Comparative Examples 9 to 11 are aromatic polyester resins that still form a compatible blend composition with component (a2), but are those having a lower glass transition temperature. Alkaline compatibility is still a difficult result.

In contrast to the comparative examples described above, the laminated sheets of Examples 1 to 18 of the present invention have no problem in the emboss transferability by the extrusion cast embossing method, and good emboss transfer is obtained.
However, in Example 1, Example 7 and Example 11 in which the blending ratio of (a2 component) was low, there was no problem in embossing heat resistance in lamination to a metal plate having a thickness of 1.2 mm. However, the lamination to a metal plate having a thickness of 1.6 mm has insufficient embossing heat resistance. In Example 2, Example 8, and Example 12, in which the blending ratio of (a2 component) was increased from these, the embossing heat resistance with a 1.6 mm thick metal plate was improved, and the embossing return was visually Although it is no longer recognized as a quality abnormality, the emboss remaining rate is somewhat bad. Regarding the other examples, the blending ratio of (a2 component) is 50% by mass or less, but the blending ratio of (a2 component) is higher than that of the above examples, and no problem is caused in the embossing heat resistance.

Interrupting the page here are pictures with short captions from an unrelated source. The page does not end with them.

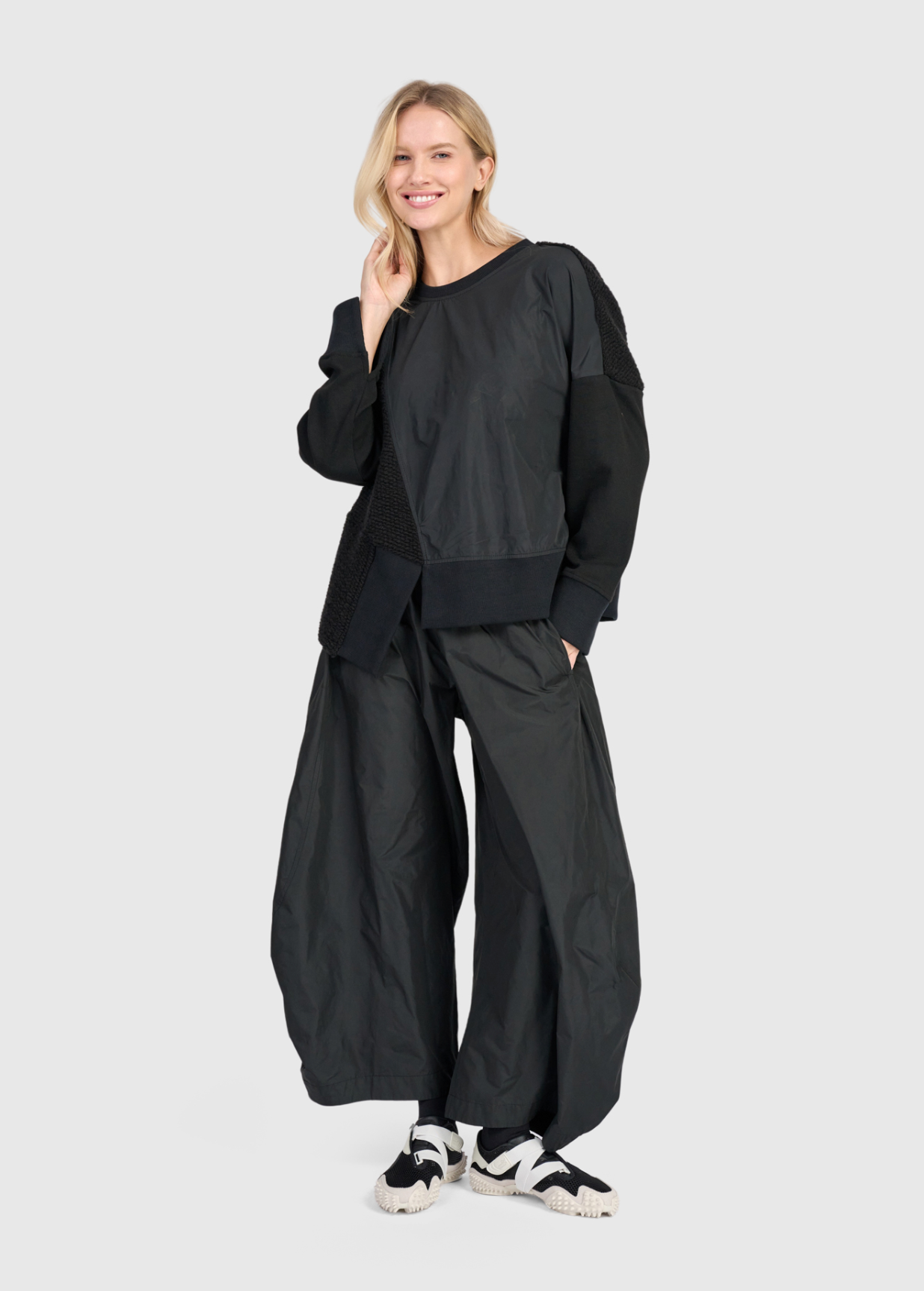 ALEMBIKA Taffeta Pants - AP704B - BLACK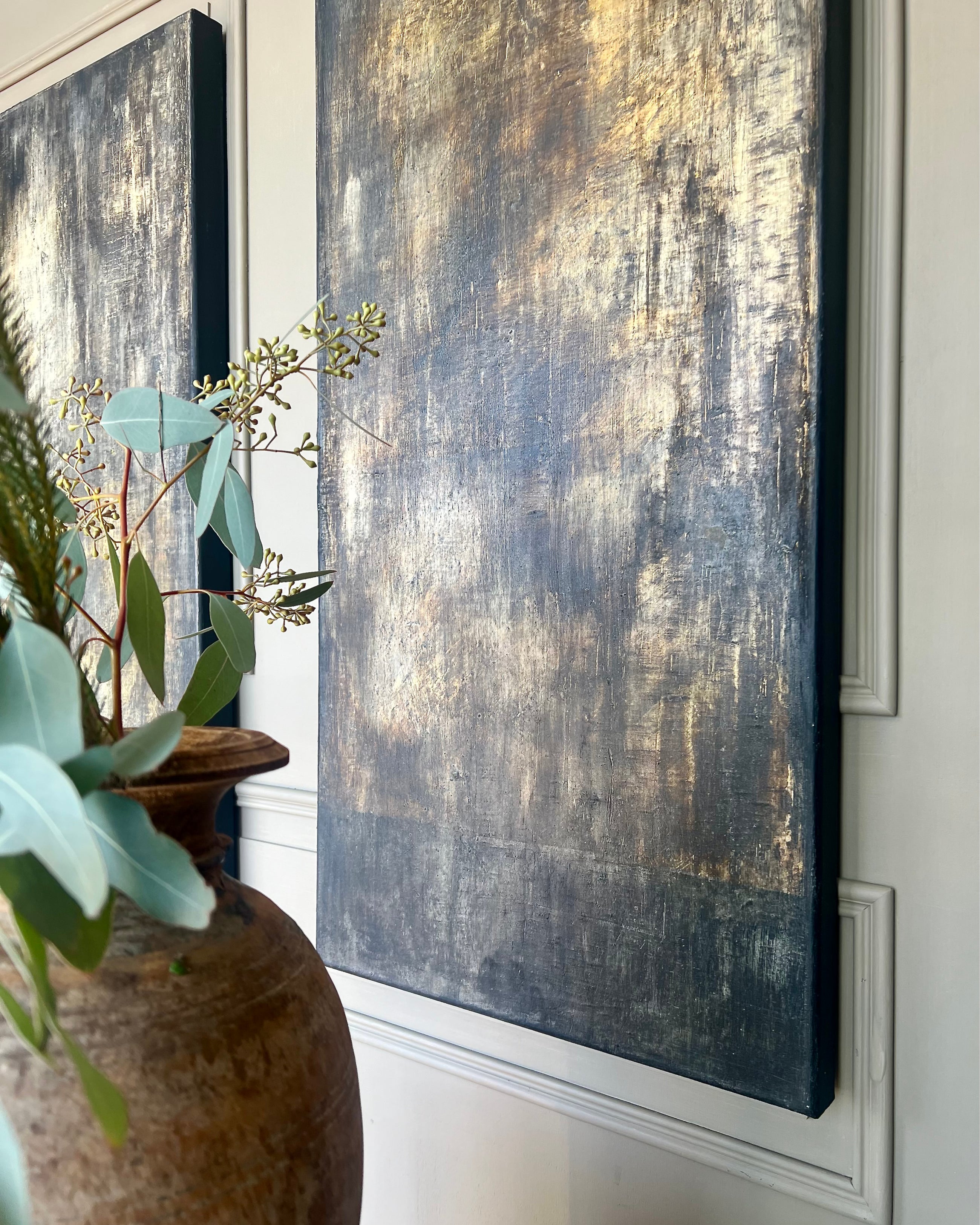 Abstract diptych painting in side view, two panels on canvas, layered egg tempera, natural pigments and ash, 4 cm depth
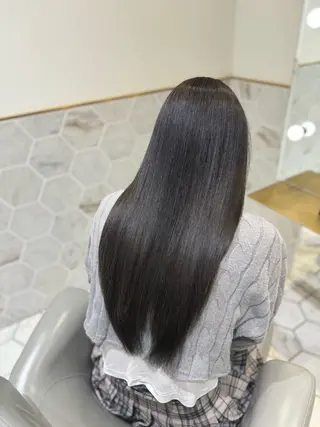 ロング カラー costes 今井芽依のヘアスタイル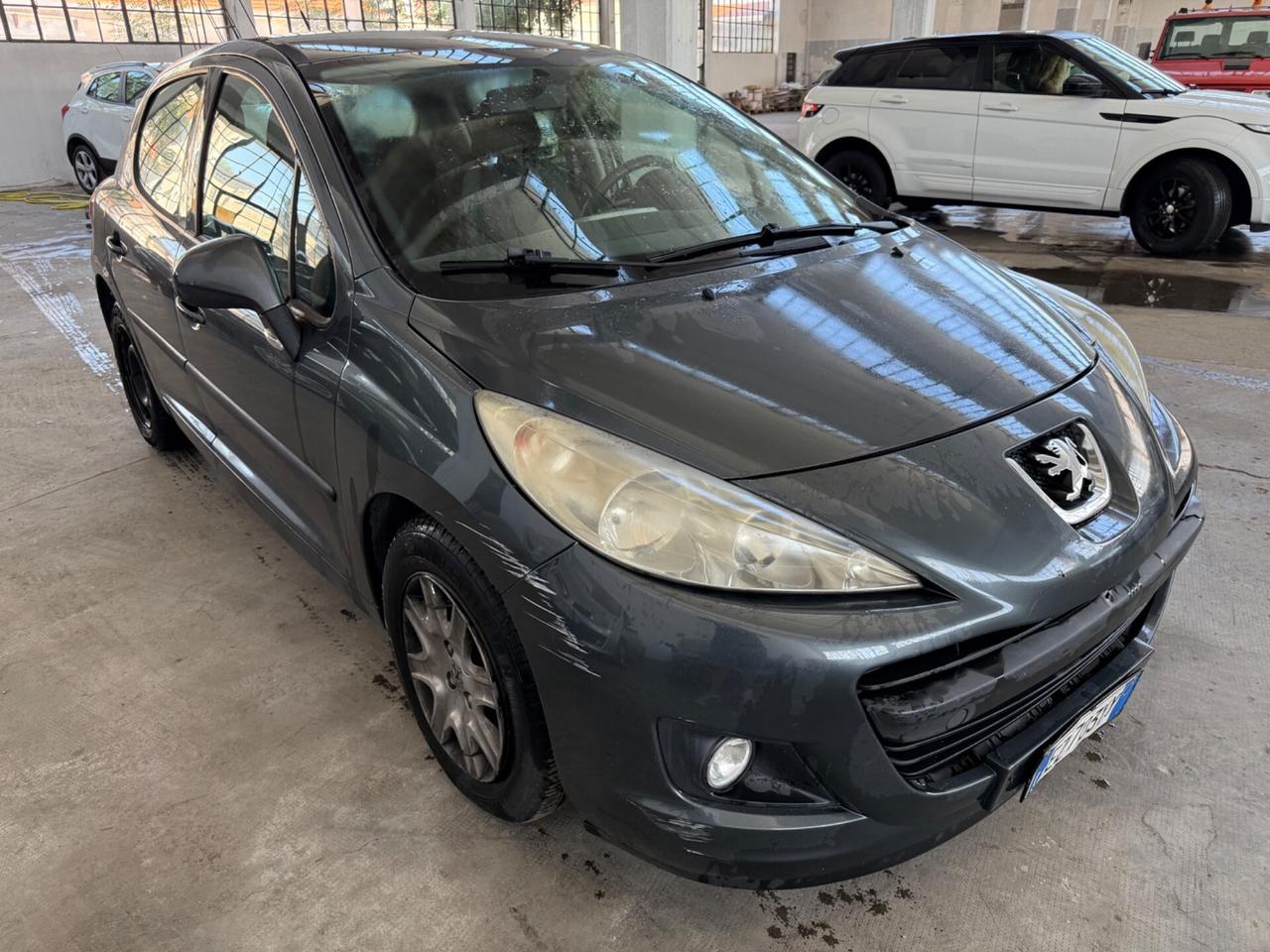 Peugeot 207 1.4 8V 75CV 5p. X Line
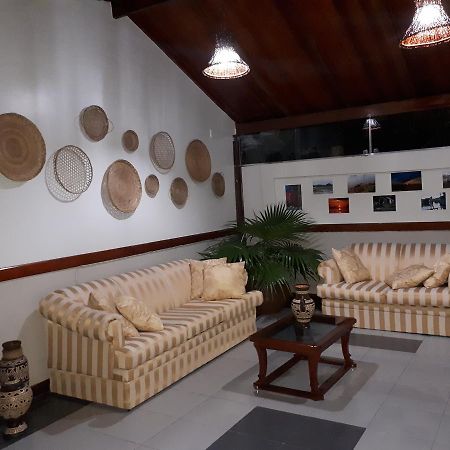 Pousada Sonho Dourado Паринтинс Екстериор снимка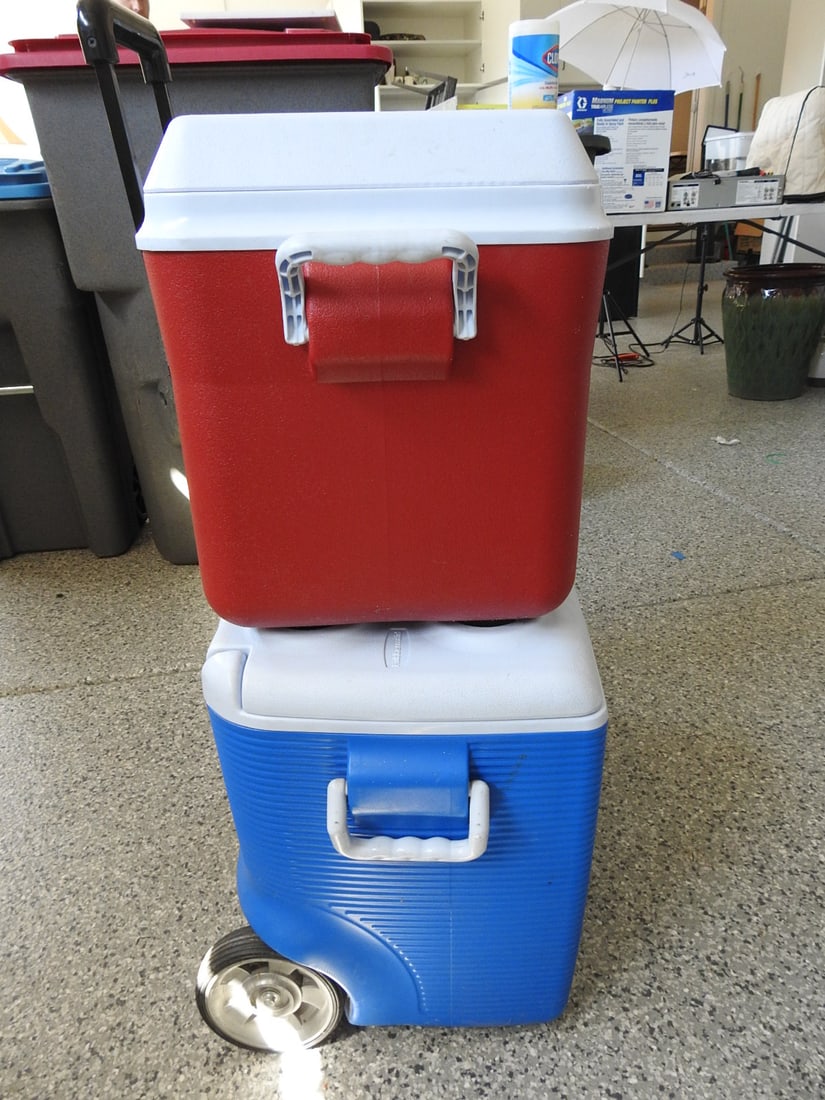 Red and Blue Mobile Coolers - 7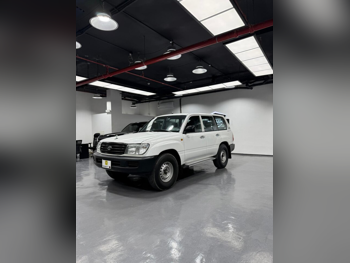 Toyota  Land Cruiser  G  1999  Manual  433,000 Km  6 Cylinder  Four Wheel Drive (4WD)  SUV  White
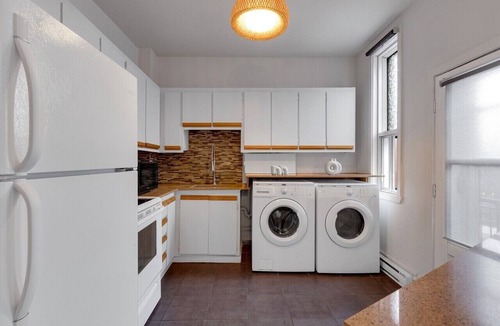 Plateau Mont Royal Apartment | LiV MTL Avenue Spacious 3BR Rooftop Suite Near Downtown Montreal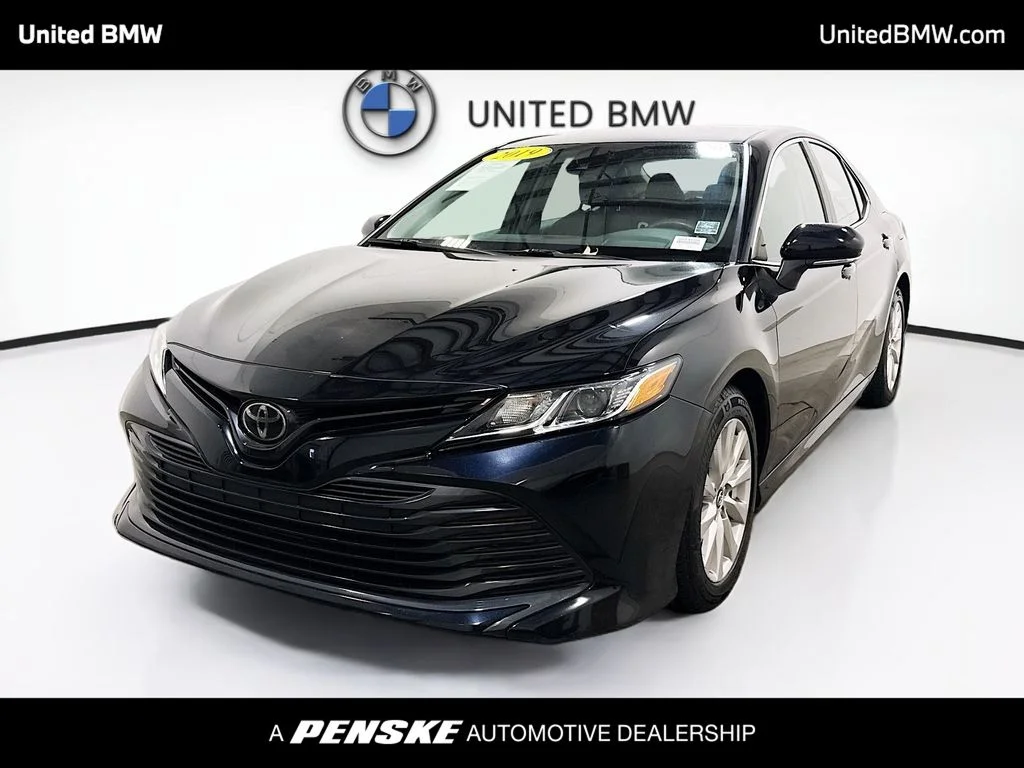 2019 Toyota Camry LE - Photo 1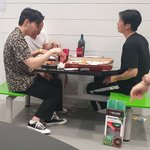 푸드코트 <b>음주</b>가무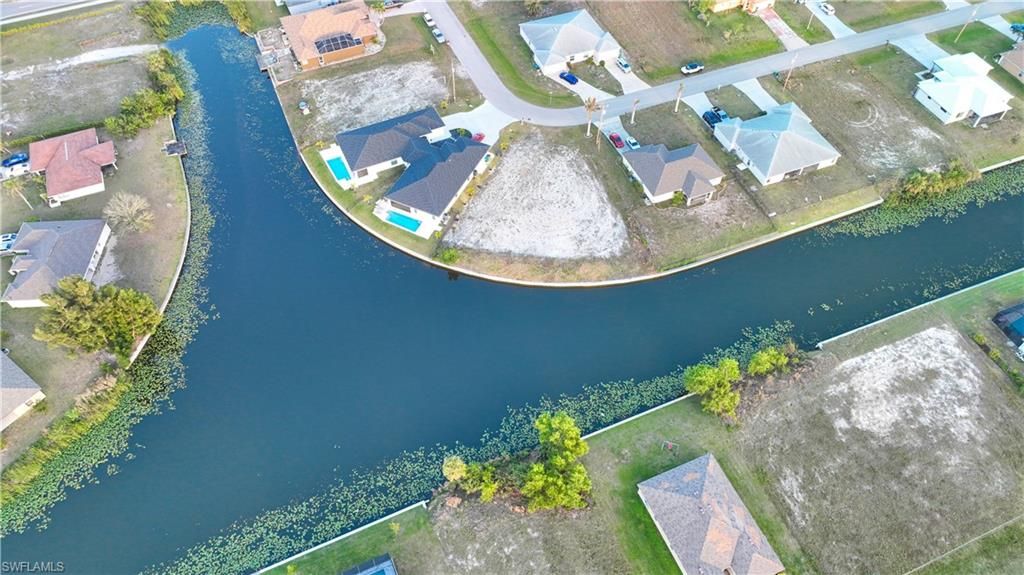 Image 5 of property listing at 817 SW 8th ST, Cape Coral, FL 33991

Regarding these, when the storage elastic modulus (E ′) at 120 ° C. of the resin composition of the A layer was measured, it was laminated to a 1.6 mm metal plate in the case of 2 × 10 ⁸ (Pa) or less. In the case of 4 × 10 ⁸ (Pa) or more, the embossing return in the case is remarkable.
On the other hand, in Example 6, Example 10, and Example 15, which are blend compositions of 50% by mass of (a1 component) and 50% by mass of (a2 component), the results of the alkali resistance immersion test are slightly worse. The blending ratio of (a2 component) is particularly preferably 45% by mass or less.
Thus, since the compounding ratio of the component (a1) and the component (a2) in the resin composition of the A layer is restricted from both embossing heat resistance and alkali soaking resistance, (a1) As the component, it is possible to widen the range of the blending ratio by using a component having a higher glass transition temperature, and Examples 7 to 10 using a component having a glass transition temperature of 101 ° C. as (a1 component). In comparison with Example 1, the embossing heat resistance and the alkali immersion resistance are both achieved in Examples 1 to 6 using the same 111 ° C. in a wider range of the blending ratio.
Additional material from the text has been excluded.